Gestational diabetes happens only in pregnancy and is the only type of diabetes that can go away permanently. When a woman reaches her second trimester of pregnancy, her insulin needs slowly increase–as much as two or three times what they were before–as a result of pregnancy hormones and the placenta.
The pancreas can usually keep up with these increased insulin needs, but when it doesn’t, you get gestational diabetes. Once the placenta is delivered at birth, symptoms of gestational diabetes go away almost immediately.
MYTH 2: GETTING PREGNANT WHEN YOU HAVE DIABETES IS RISKY AND DANGEROUS
Pregnancy is a risky and dangerous endeavor for anyone.
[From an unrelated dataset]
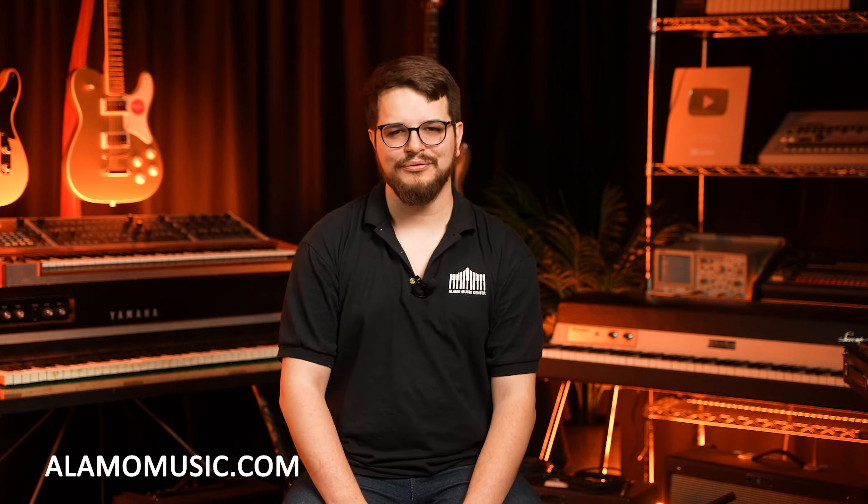Tell me what you guys think — I would love to hear it. I had a ton of fun playing the soprano. Check out some of our other videos. We're definitely going to be pitting this one against the Antigua Winds Pro 1 in a little bit, so I definitely look forward to that. I appreciate you guys watching so much. If you can, leave a comment — that always helps us out, and I really hope you have a wonderful day.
Diabetes does increase the risk, but excellent glucose control and healthy habits mitigate this risk dramatically–a truth few providers emphasize enough.
As a high-risk mother with type 1 diabetes, my pregnancies have actually been less complicated than those of several of my close friends!
MYTH 3: IT’S YOUR FAULT THAT YOU HAVE DIABETES DURING PREGNANCY
Nope! As an autoimmune disease, type 1 diabetes is completely unpreventable.
As for type 2 diabetes, consider this: Nearly 70% of Americans are overweight or obese, but certainly not all of these people have type 2 diabetes. So while it is true that diet and lifestyle can contribute to developing type 2 diabetes, there is clearly a critical genetic component for type 2 diabetes for which a person simply cannot be blamed.
And as for gestational diabetes, it is completely normal for the body to require more insulin during pregnancy. While there are certain factors that increase your odds of having GD (including being overweight, prediabetic, having a family history of type 2 diabetes, and certain hormone disorders, among other things), none of these are guarantees you will get it.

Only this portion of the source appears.